Al-Ahram Weekly 19 - 25 December 2002
Book : Lailat Urs (Wedding Night) Cairo: Al-Hilal Novels Series
Author: Youssef Abu-Rayya
Reviewed by Youssef Rakha
Since giving up journalism to devote himself to creative writing, Youssef Abu-Rayya (b.1955) has produced three short novels and several collections of short stories, as well as various works of children's literature. In the present volume, his fourth novel, he pursues his concern with the intimate details of small-town life further, resuming a life-long preoccupation with what the late critic Ali El-Ra'ie called "a fascination with the hidden" and forsaking the surface of things for narrative that is at once deeper and more subtle.
Certainly, the two quotations which prefix the book, from Jubran Khalil Jubran and Wadie Sa'ada, testify to this interest in the smaller dimensions of the existences of the less fortunate: "Now that I am ready for weddings/ Like a goose on a platter/ Let the party commence/ So that assassins and homosexuals/ Might dance with kings and saints/ And prostitutes, not priests, give matrimonial blessings/ That this night might bear a beautiful progeny."
The narrative turns around Houda El-Akhras, a central player in the town's social games, who becomes the subject of a conspiracy on the part of the townspeople. They feel that he has discovered, and may divulge, their secrets, but paradoxically El-Akhras means "dumb", referring to the character's speech impairment. El-Akhras's only saving grace is the woman he is in love with, part of the cause of his misfortune, whose failure to disclose her feelings until the conspiracy is well underway leads to the pair's separation.

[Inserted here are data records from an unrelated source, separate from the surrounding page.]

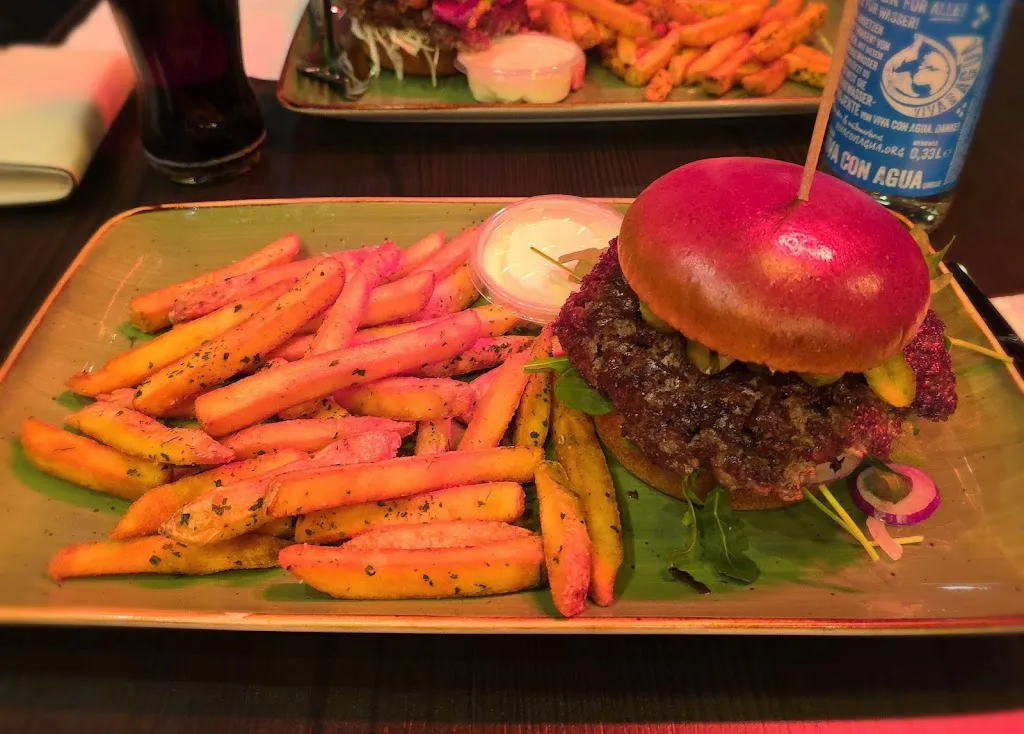 Menu_the HAKK burgers & co_Hachenburg_immagine_8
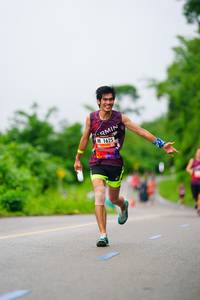 BIB: 1625
                            <button type="button" onclick="openModal(5757349)" class="btn btn-primary btn-sm float-right btn-popup" data-toggle="modal" data-target=".modal-high-quality">
                        <i class="fas fa-shopping-cart"></i> Add to Cart
                    </button>
                                            <button type="button" onclick="isThisMe(5757349, true)" class="btn btn-success btn-sm float-right btn-popup btn-isme hidden" data-toggle="tooltip" data-placement="bottom" title="นี่คือรูปของคุณใช่ไหม คลิกที่นี่เพื่อเอาเข้าอัลบั้ม">
                        <i class="fas fa-plus"></i> Add to album
                    </button>
                    <button type="button" onclick="isThisMe(5757349, false)" class="btn btn-warning btn-sm float-right btn-popup btn-isnotme hidden">
                        <i class="fas fa-ban"></i> Remove from album
                    </button>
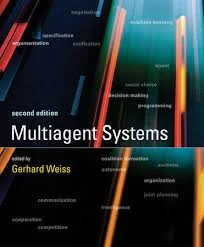 Multi-Agent Systems: Applications, Use Cases, and Opportunities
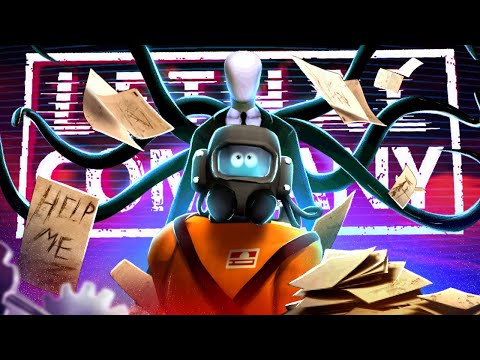 Видео: САМЫЕ ОПАСНЫЕ ПЛАНЕТЫ в Lethal Company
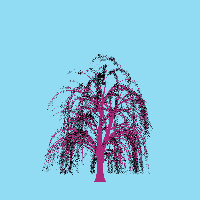 greenshift tree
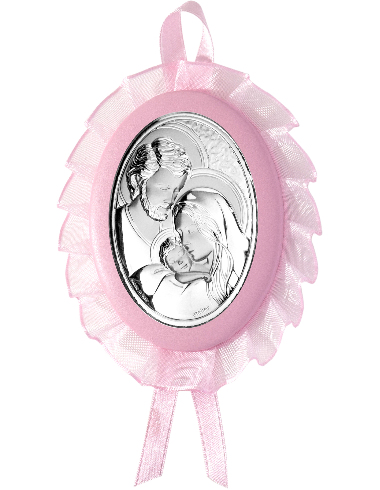 Capoculla Maternita Bacio AE0218/1R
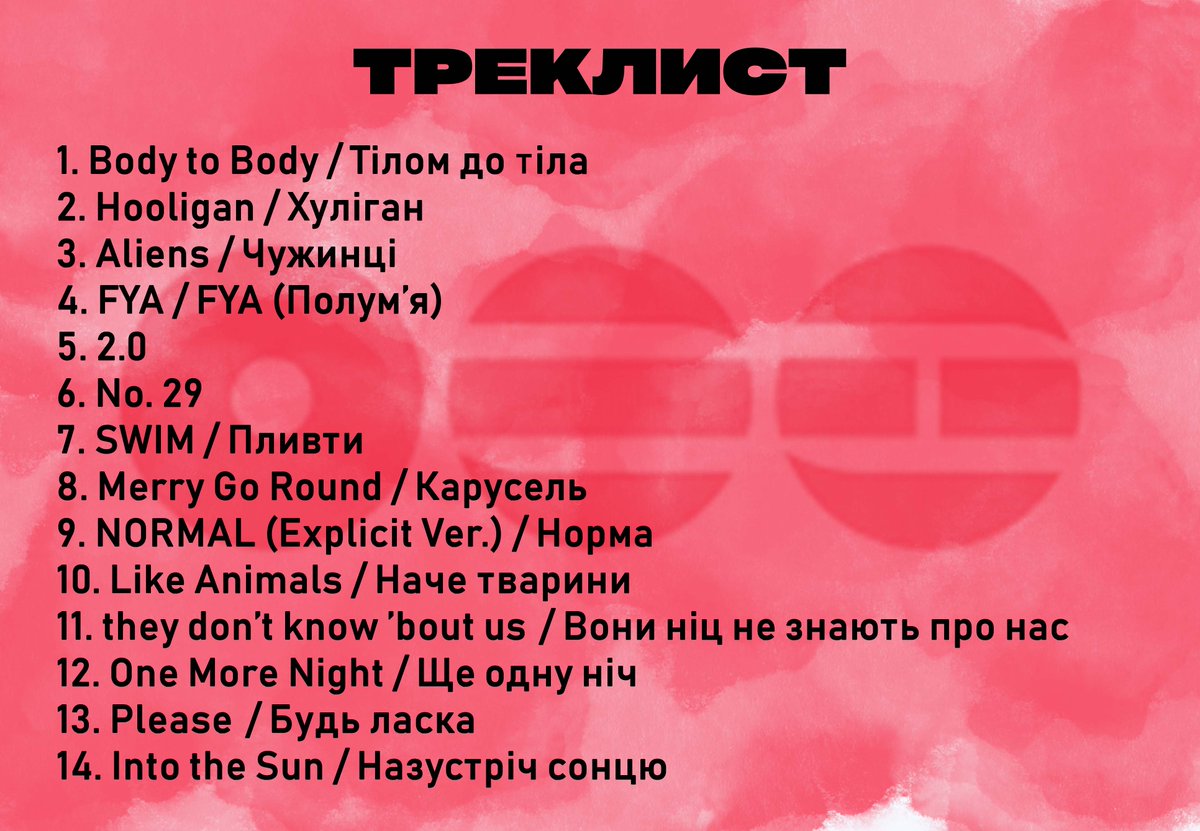 BTS Ukraine⁷ tweet media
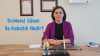 doktor-meral-sozen-ile-kabizlik-nedir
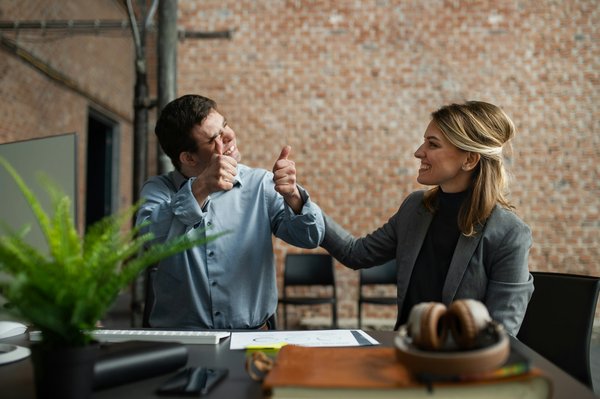 Quelles actions pour promouvoir l'inclusion des personnes âgées dans les activités sociales ?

This intense, almost conspiratorial mise-en- scene is new to Abu-Rayya, whose plots have tended to demonstrate a scarcity of incident and a tendency to eschew direct confrontation. Yet, the present novel's dramatic plotting provides the perfect counterweight to Abu- Rayya's subdued vision, giving the book a kind of hushed poise. Here, the love theme, the brutality of the conspiracy and the figure of the dumb man invest the novel with pretensions towards universal relevance, as well as marked vitality, taking the author's project of constructing an individual mythology out of incidents in the life of the Nile Delta to new levels.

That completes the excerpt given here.